The skeletal muscle sodium and chloride channel diseases

Author(s): Hudson AJ, Ebers GC, Bulman DE

Abstract

The cause of several familial muscular diseases have recently been linked to mutations within skeletal muscle sodium and chloride channel genes. Thomsen's and Becker's diseases are autosomal dominant and recessive, respectively, and are caused by at least seven different mutations in the CLCN1 (ClC-1) skeletal muscle chloride channel gene on chromosome 7q35. Hyperkalaemic periodic paralysis, paramyotonia congenita and a small heterogeneous group of related 'pure' myotonias are autosomal dominant disorders and are due to at least 16 different mutations in the SCN4A (SkM1) adult skeletal muscle sodium channel gene on chromosome 17q23-25. There is generally little correlation between the position of a mutation in the channel and the phenotype.
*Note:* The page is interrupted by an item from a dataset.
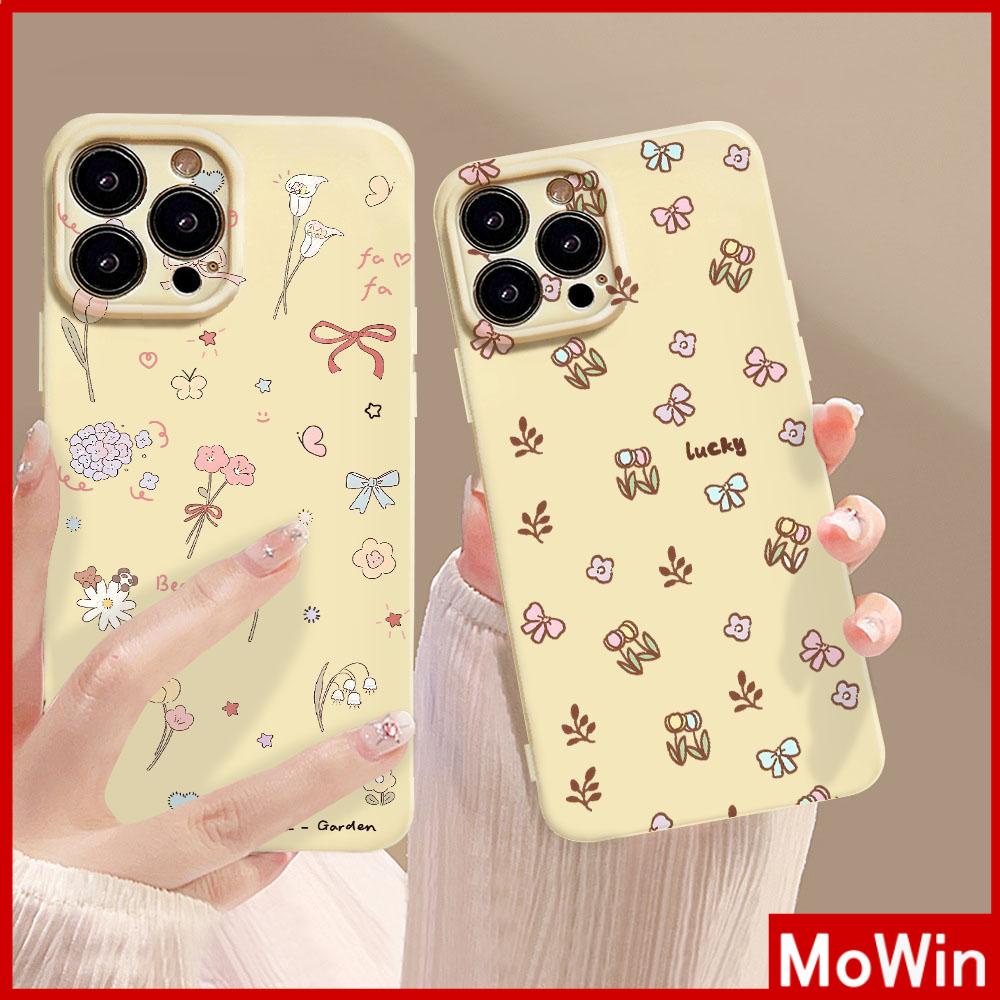 Mowin - เข้ากันได้สำหรับ 15 เคสไอโฟน11 เคส iphone 11เคสโทรศัพท์เยลลี่สีเหลืองฟิล์มนุ่ม TPU กันกระแทกเคสกล้องป้องกัน Simple โบว์ดอกไม้เข้ากันได้กับ iPhone 13 Pro สูงสุด 12 XR XS 7 8Plus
Indeed, identical sodium channel mutations in unrelated subjects and sometimes in different members of the same family can have different clinical expressions. It seems, however, that mutations of the inactivation gate (ID3-4 loop) of the sodium channel tend to produce paramyotonia or pure, sometimes severe, myotonia and respond most favourably to the same medications (tocainide and mexiletine). The structure and polarity of substituted amino acids at a mutation site, especially in highly evolutionally conserved regions of the gene, are undoubtedly important to the expression of a channel disease and may partly explain phenotypic variability. In addition, genetic polymorphisms elsewhere, either in the gene or other channel-related loci, and the net effect of other types of muscle ion channels on the electrical potential of the plasma membrane probably contribute to disease expression.